From gold miners to powder seekers: A brief history of Stewart, British Columbia

May 11, 2015 Vince Shuley

Northern British Columbia is known for its remote and rugged towns and few places can match that description as well as Stewart, B.C. Located on the Alaskan border at the head of the Portland Canal, this town was built on the backs of pioneers and has retained much of its frontier history.

Like Many Frontier Towns, Stewart Seems Lost In Time | Photo Steve Rosset.
Like many frontier towns, Stewart seems lost in time | Photo Steve Rosset.

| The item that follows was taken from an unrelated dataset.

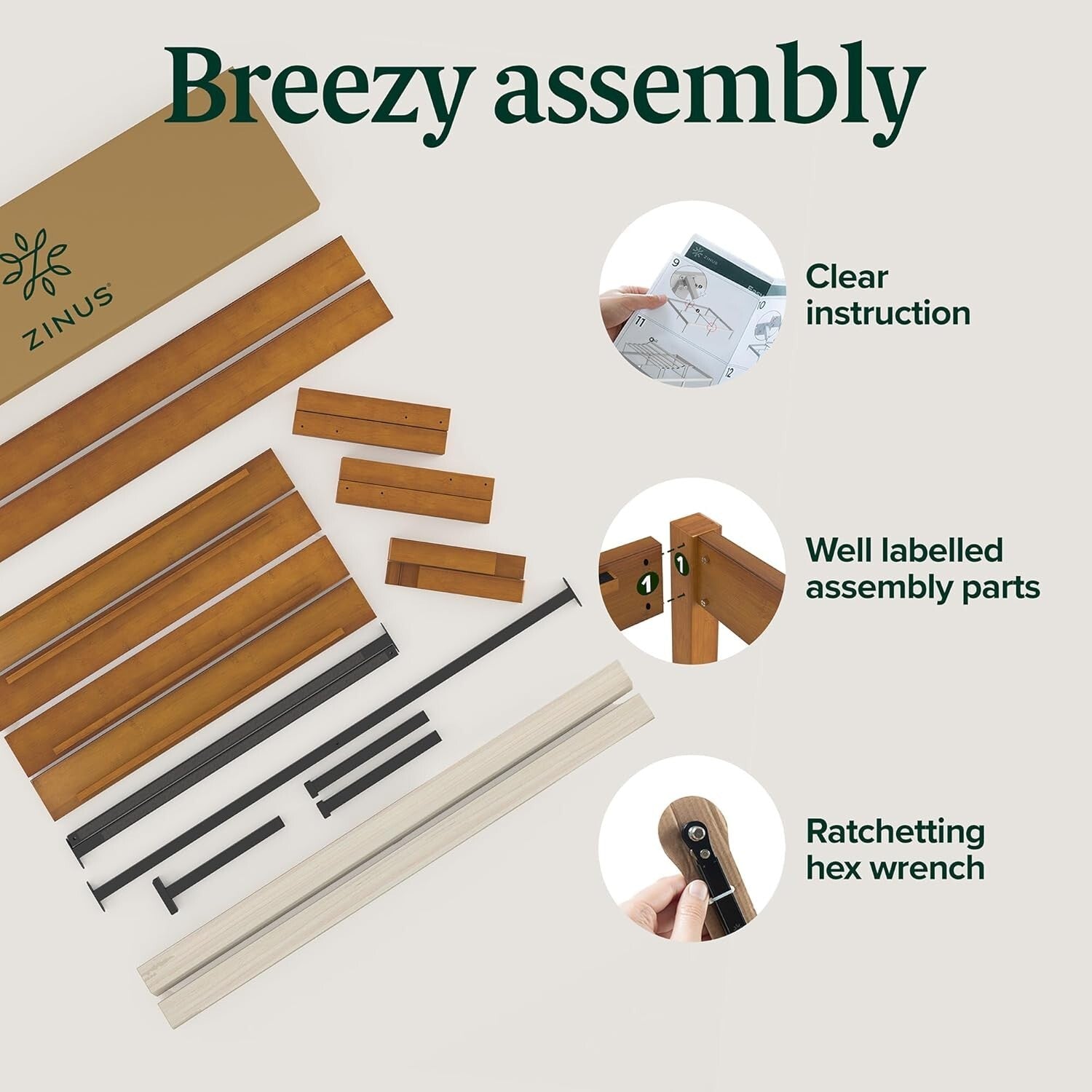 Ellie 14" Twin Bamboo Platform Bed Frame - No Box Spring Needed, Easy Assembly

Originally the hunting grounds of the Nisga’a, who lived around the Nass River, the Portland Canal was first explored by westerners in 1793 by George Vancouver, who named the area after William Henry Cavendish Bentinck, 3rd Duke of Portland. But it wasn’t until 1898 when the first 65 settlers arrived, mostly prospectors and began to seek out claims in the area. In 1902 the Stewart brothers arrived and in 1905, Robert M. Stewart, the first postmaster, named the town Stewart.
Gold and silver mining dominated the early economy, spurred by the discovery of rich silver veins in nearby Hyder, Alaska. At it’s peak prior to World War I, Stewart had a population of about 10,000, which slowly declined to its population of 400 today.

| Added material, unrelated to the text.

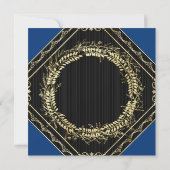 Gold Wreath et Blue Holiday Party Invitation (Dos)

The Estuary Adjacent To The Ripley Creek Inn | Phoyo Lorenz Masser
The Estuary adjacent to the Ripley Creek Inn | Photo Lorenz Masser

Since 2001, during the winter months Stewart sees a weekly population boost of 25 people staying at the Ripley Creek Inn, our secondary base of operations at Last Frontier Heliskiing. The surrounding mountains are known for their long glacier runs, open bowls as well as some of the best tree skiing of, well anywhere. On weather days the town itself is an attraction worth exploring such as fishing in the Portland Canal and learning about Stewart’s rich pioneer history. Ripley Creek Inn stands preserved in time with stylish, traditional decor of local cultures and across the road, the Bitter Creek Cafe serves fine, eclectic cuisine with menu that includes locally caught seafood.

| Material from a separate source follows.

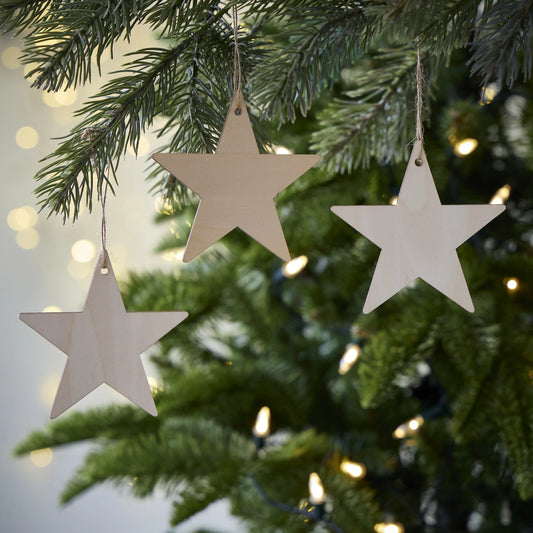 Natural Star Hanging decoration set, Pack of 6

Stewart In Typical Winter Conditions | Photo George Rosset
Stewart in typical winter conditions | Photo George Rosset

While Stewart may not be the remote heli-lodge experience of our Bell 2 Lodge, it remains a unique experience for heli skiers that have yet to explore the remote towns of Northern B.C. By simply walking a short distance, guests can choose get “Hyderized” in nearby Hyder (Alaska), by consuming a shot of 151 Proof Everclear. It’s a local tradition for visiting tourists and a popular addition to a down day in Stewart.

The Cafe Serves Last Frontier Guest Exclusively During The Winter Months | Photo Steve Rosset
The Cafe serves Last Frontier guest exclusively during the winter months | Photo Steve Rosset

The pioneers came to Stewart to mine for gold and silver, today heli skiers fly from all over the world in pursuit of powder. The nearby Grand Duc mine may have been closed for decades, but locals and visitors now look to the beauty of the surrounding natural environment for Stewart’s future.